See the README.BYACC files for more about Berkeley Yacc and other
sources of info.

http://www.siber.com/btyacc/ is the current home of BtYacc. It is
provided courtesy of Siber Systems http://www.siber.com/.

Version 3.0 changes
-------------------
by Vadim Maslov

Changes mostly occurred in btyaccpa.ske file that contains the parsing
shift/reduce/backtrack algorithm.

Version 3.0 innovations focus on:
- text position computation and propagation,
- industrial-strength error processing and recovery.

** Added mechanism for computing and propagating text position of
tokens and non-terminals.

Compilers often need to build AST trees such that every node
in a tree can relate to the parsed program source it came from.
The following applications are very likely to need this:
- debuggers that show actual source of the debugged program,
- source-to-source translators that want
    unchanged parts of the tree to generate the unchanged code.
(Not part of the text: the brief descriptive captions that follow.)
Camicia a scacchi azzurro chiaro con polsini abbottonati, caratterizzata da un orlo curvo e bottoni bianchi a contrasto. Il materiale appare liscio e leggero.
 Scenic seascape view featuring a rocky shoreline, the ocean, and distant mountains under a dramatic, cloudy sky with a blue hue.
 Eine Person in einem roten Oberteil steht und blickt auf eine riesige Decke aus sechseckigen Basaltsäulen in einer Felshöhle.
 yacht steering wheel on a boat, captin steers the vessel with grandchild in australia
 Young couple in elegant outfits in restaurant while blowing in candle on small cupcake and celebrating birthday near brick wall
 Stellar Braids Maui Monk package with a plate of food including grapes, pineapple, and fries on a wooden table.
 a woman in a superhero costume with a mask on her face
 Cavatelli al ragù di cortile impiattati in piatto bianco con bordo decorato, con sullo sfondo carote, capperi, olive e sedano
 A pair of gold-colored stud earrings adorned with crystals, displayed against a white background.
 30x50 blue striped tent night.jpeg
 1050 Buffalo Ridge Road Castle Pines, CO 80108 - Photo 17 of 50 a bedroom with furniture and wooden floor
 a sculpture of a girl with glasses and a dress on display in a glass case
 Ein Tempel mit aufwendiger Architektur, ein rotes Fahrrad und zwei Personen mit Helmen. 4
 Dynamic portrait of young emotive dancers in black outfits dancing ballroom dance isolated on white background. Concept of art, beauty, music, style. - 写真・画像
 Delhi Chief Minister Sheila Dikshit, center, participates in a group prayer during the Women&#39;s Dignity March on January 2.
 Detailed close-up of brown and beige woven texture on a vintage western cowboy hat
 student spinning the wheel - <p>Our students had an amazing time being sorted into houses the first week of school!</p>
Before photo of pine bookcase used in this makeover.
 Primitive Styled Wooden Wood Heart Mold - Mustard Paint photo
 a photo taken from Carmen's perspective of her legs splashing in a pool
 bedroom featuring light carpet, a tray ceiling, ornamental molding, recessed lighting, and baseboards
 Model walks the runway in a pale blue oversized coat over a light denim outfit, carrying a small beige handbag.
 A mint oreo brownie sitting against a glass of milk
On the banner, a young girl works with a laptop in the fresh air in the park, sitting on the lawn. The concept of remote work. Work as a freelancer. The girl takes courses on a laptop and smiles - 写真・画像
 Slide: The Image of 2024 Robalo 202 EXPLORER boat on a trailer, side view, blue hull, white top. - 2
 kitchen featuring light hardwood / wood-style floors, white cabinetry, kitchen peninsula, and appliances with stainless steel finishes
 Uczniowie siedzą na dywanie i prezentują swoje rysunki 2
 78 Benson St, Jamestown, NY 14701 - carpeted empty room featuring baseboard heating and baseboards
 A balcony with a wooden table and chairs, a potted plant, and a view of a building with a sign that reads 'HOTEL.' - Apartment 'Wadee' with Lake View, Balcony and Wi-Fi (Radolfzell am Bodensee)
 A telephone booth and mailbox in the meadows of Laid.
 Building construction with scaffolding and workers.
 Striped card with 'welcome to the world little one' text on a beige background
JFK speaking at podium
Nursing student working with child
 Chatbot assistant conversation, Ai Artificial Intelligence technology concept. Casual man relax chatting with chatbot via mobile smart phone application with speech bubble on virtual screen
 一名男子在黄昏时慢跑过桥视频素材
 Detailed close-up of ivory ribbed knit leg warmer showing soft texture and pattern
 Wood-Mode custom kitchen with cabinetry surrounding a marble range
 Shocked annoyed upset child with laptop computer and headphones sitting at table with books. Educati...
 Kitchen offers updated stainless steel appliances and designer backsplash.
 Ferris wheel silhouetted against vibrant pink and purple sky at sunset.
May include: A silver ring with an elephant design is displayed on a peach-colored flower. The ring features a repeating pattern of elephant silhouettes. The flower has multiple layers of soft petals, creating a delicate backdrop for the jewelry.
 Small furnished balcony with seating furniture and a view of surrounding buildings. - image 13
The new YYPOSN mechanism added in this version of BtYacc helps you in
automating the text position computation and in assigning the computed
text positions to the AST. This mechanism is successfully used in
commercial parsers and source-to-source translators.

In standard Yaccs every token and every non-terminal has an YYSTYPE
semantic value attached to it. In this new version every token and
every non-terminal also has an YYPOSN text position attached to it.
YYPOSN is a user-defined type that can be anything and that has a
meaning of text position attached to token or non-terminal.

In addition to semantic value stack BtYacc now maintains text position
stack. Behavior of the text position stack is similar to the behavior
of the semantic value stack.

If using text position mechanism, you need to define the following:

YYPOSN Preprocessor variable that contains C/C++ type of
the text position attached to
every token and non-terminal.

yyposn Global variable of type YYPOSN.
                The lexer must assign text position of
the returned token to yyposn, just like it assigns
semantic value of the returned token to yylval.

YYREDUCEPOSNFUNC
Preprocessor variable that points to unction that
is called after the grammar rule reduction
to reduce text positions located on the stack.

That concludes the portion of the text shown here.